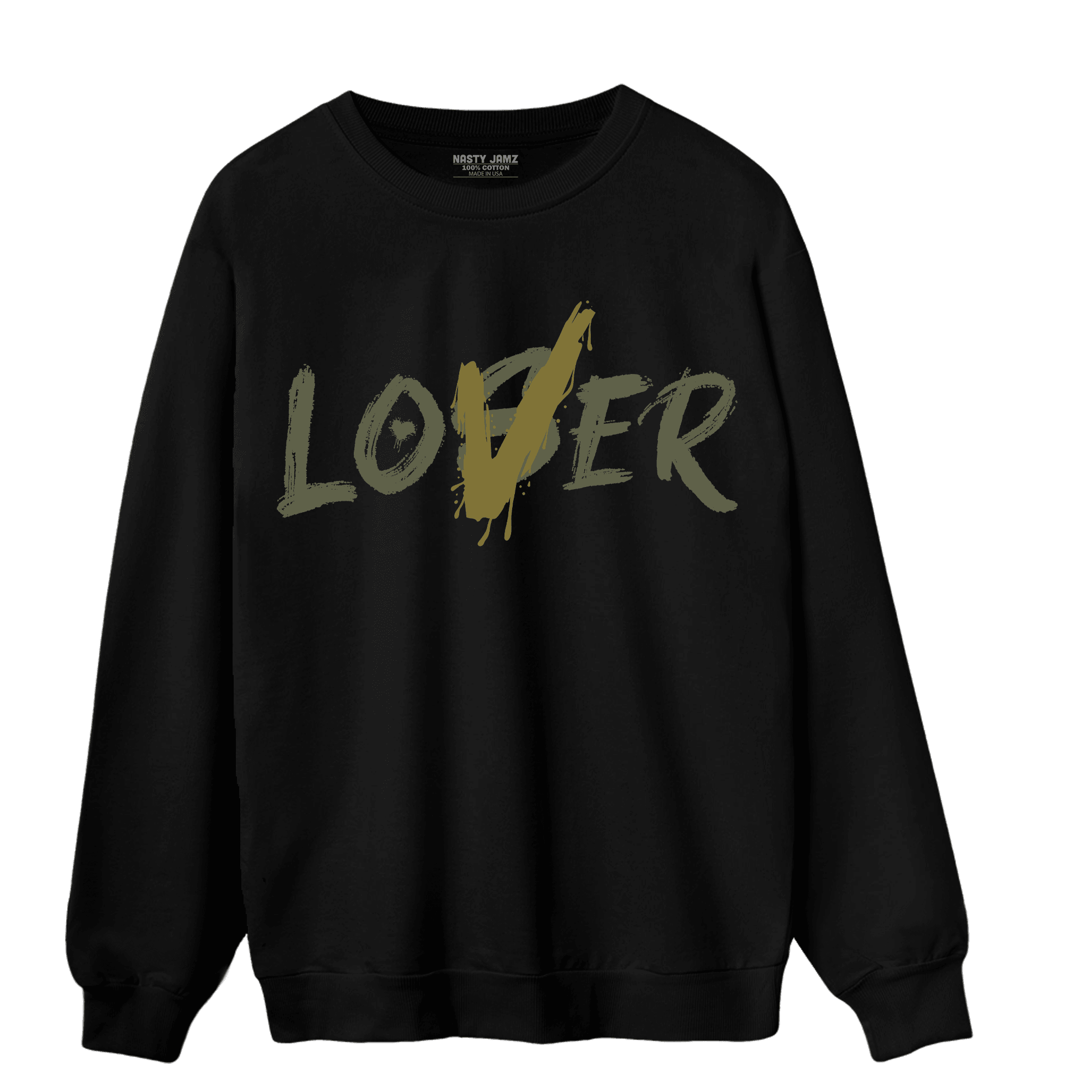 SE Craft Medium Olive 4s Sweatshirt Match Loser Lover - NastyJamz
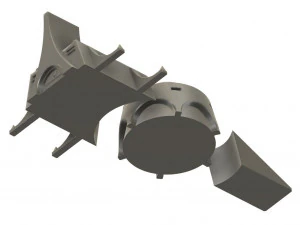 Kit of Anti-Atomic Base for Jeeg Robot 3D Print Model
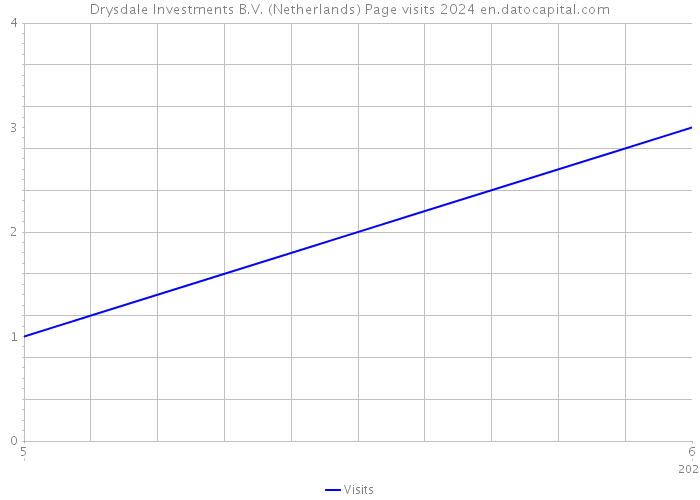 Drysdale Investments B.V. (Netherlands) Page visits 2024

=== Activity ===
Repeat the line containing "Kit of Anti-Atomic" and every line after it up to the end of the material above, exactly as they stand, minus the pictures.

=== Answer to the exercise ===
 Kit of Anti-Atomic Base for Jeeg Robot 3D Print Model
 Drysdale Investments B.V. (Netherlands) Page visits 2024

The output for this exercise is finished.